As data breach legislation and cybersecurity policy continue to develop across the United States at the state and national levels, a new cybersecurity development in the private sector has caught our attention.
The Department of Homeland Security (DHS) recently certified the first cybersecurity products under the Support Anti-Terrorism by Fostering Effective Technologies Act (SAFETY Act) of 2002. With this certification from the DHS, the seller of the cybersecurity products and the companies that use or deploy the products are all afforded certain liability protections under the SAFETY Act from “claims arising out of, relating to, or resulting from an act of terrorism.”
Limitations of Liability Under the SAFETY Act
The SAFETY Act, a law passed under the Homeland Security Act of 2002 as Subtitle G to Title VIII, limits liability for claims that result from an act of terrorism when a qualified anti-terrorism technology (defined by the law to include information technology) has been deployed.
The statute provides liability protection in two ways. First, it limits the total liability that results from such claims to the amount of liability insurance that the seller of the product is required to maintain, as determined by the DHS.
Second, and perhaps more significantly, the statute provides that if “a product liability or other lawsuit [is] filed for claims arising out of, relating to, or resulting from an act of terrorism when qualified anti-terrorism technologies . . . have been deployed in defense against or response or recovery from such act,” then the government contractor defense is available as a rebuttable presumption for the seller and users of the technology. This rebuttable presumption can only be overcome “by evidence showing that the Seller acted fraudulently or with willful misconduct in submitting information to the Secretary during the course of the Secretary’s consideration of [the qualified anti-terrorism technology].” Thus, the statute creates a method for companies to eliminate claims at the motion to dismiss stage of litigation.
Which “Acts” Are Covered?
Although these liability protections only apply to claims relating to acts of terrorism, the term “act of terrorism” appears to have broad application, including acts outside the United States that only cause financial harm to persons or entities in the United States.
The SAFETY Act defines an act of terrorism as “any act that the Secretary determines meets the requirements under subparagraph (B), as such requirements are further defined and specified by the Secretary.” Subparagraph (B) states that an “act meets the requirements of this subparagraph if the act (i) is unlawful; (ii) causes harm to a person, property, or entity, in the United States . . . and (iii) uses or attempts to use instrumentalities, weapons or other methods designed or intended to cause mass destruction, injury or other loss to citizens or institutions of the United States.”

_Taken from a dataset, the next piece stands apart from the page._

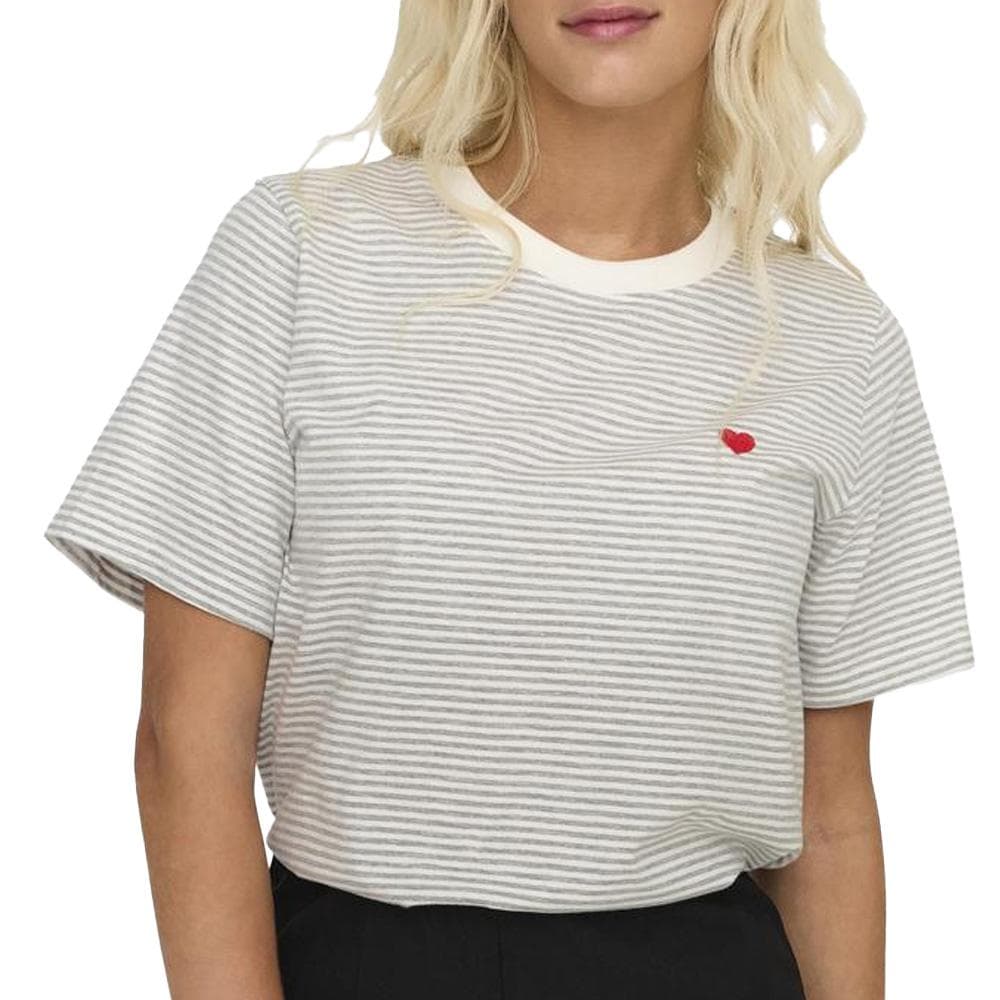 T-shirt Gris/Rayures Femme JDY Pisa 1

As interpreted and further defined by the Office of the Secretary of the DHS in its Final Rule, an act of terrorism “on foreign soil may indeed be deemed an ‘Act of Terrorism’ for purposes of the SAFETY Act provided that it causes harm in the United States.” The DHS also “interprets ‘harm’ in this context to include harm to financial interests,” thus potentially bringing cyber attacks to US companies within the definition.
Because these liability protections have not yet been tested in data breach litigation, it will be interesting to see how courts apply them. We will watch for developments in this area and to see how the DHS certification of cybersecurity products affects the broader discussion on cybersecurity policy and legislation.